Kepergian Pak Apit meninggalkan duka yang mendalam, tak hanya karena kehilangan orang yang tercinta, tetapi juga karena impian mereka untuk menunaikan haji bersama yang harus sirna begitu saja. Namun, dalam kesedihan itu, sang anak sulung, Pahrul, mengambil keputusan besar yang mengejutkan. Ia memilih untuk menggantikan posisi sang ayah dan menemani ibunya menunaikan ibadah haji.

“Saya tahu ini sangat berat, tapi saya merasa ini adalah cara terbaik untuk melanjutkan niat mulia Bapak. Saya ingin Ibu tidak sendirian di perjalanan ini. Bagi saya, ini lebih dari sekadar ibadah haji, ini adalah perjalanan hati,” kata Pahrul dengan suara bergetar.

Keputusan Pahrul tidak datang dengan mudah. Proses pergantian porsi haji, pengaturan cuti kerja, dan persiapan fisik serta mental semuanya harus diurus dengan penuh perhatian. Meskipun awalnya ragu dan merasa tidak pantas menggantikan posisi ayahnya, Pahrul akhirnya menemukan kekuatan dalam melihat wajah ibunya yang penuh harapan.

“Awalnya saya ragu, merasa belum siap. Tapi setiap kali melihat Ibu, saya tahu ini yang harus saya lakukan.

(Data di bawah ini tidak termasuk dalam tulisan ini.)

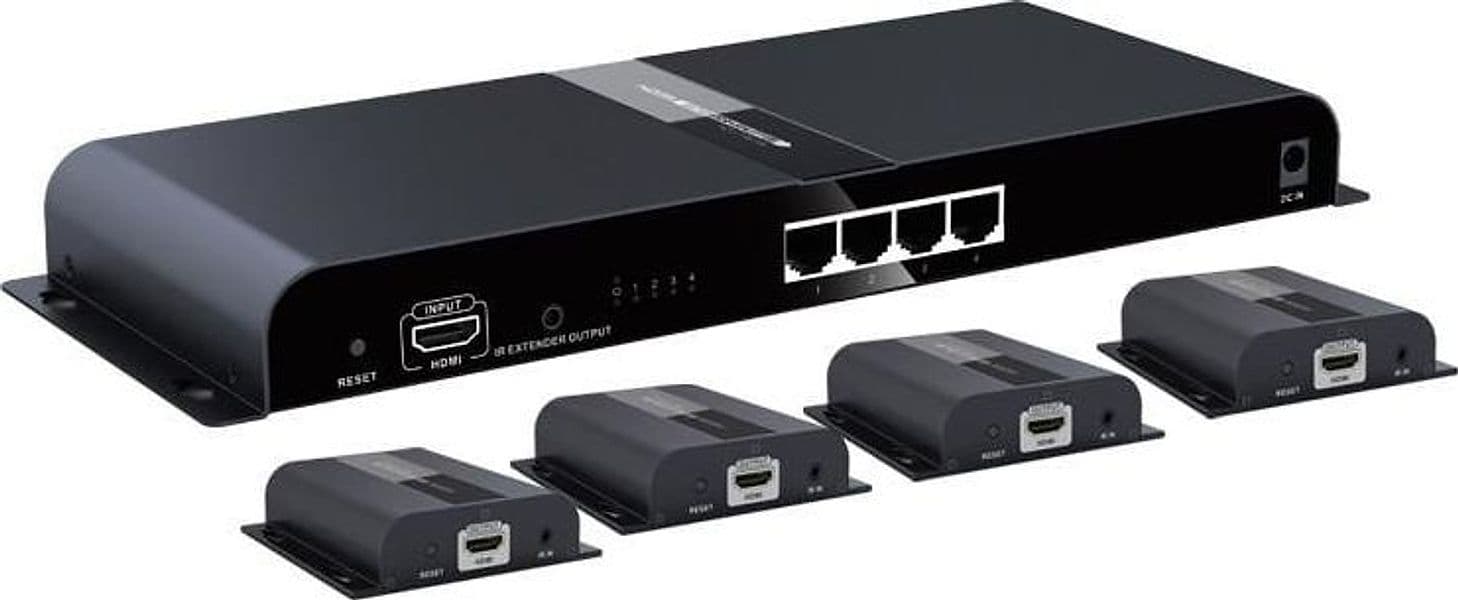 Extender Splitter 4 vie HDMI con IR su Cavo CAT6/6a/7 fino a 120m - 9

Ini untuk Bapak, dan untuk Ibu,” tambah Pahrul dengan tegar.

Saat manasik dan detik-detik menjelang keberangkatan, suasana semakin haru. Banyak kerabat yang datang ke rumah mereka tidak dapat menahan air mata saat berpamitan. Di tangan Pitta, sebuah kenangan indah yang akan selalu dikenang.

“Bapak tetap berangkat, lewat Pahrul,” kata Pitta, dengan suara pelan namun penuh keyakinan. Perjalanan ini bagi mereka bukan hanya sekadar ibadah haji, tetapi juga sebuah simbol cinta yang abadi, pengabdian seorang anak kepada orang tua, dan keyakinan bahwa meskipun tubuh sang ayah tiada, niat sucinya tetap hidup, mengiringi mereka menuju Tanah Suci.

“Melalui haji ini, kami bukan hanya menyempurnakan rukun Islam, tetapi juga menyempurnakan niat Bapak. Ini adalah perjalanan yang tak hanya spiritual, tetapi juga penuh dengan cinta yang tak lekang oleh waktu,” tutup Pahrul dengan mata yang berkaca.

Perjalanan haji kali ini tidak hanya menjadi saksi kesetiaan seorang anak kepada orang tuanya, tetapi juga menjadi lambang kebersamaan yang mengatasi batasan fisik dan waktu.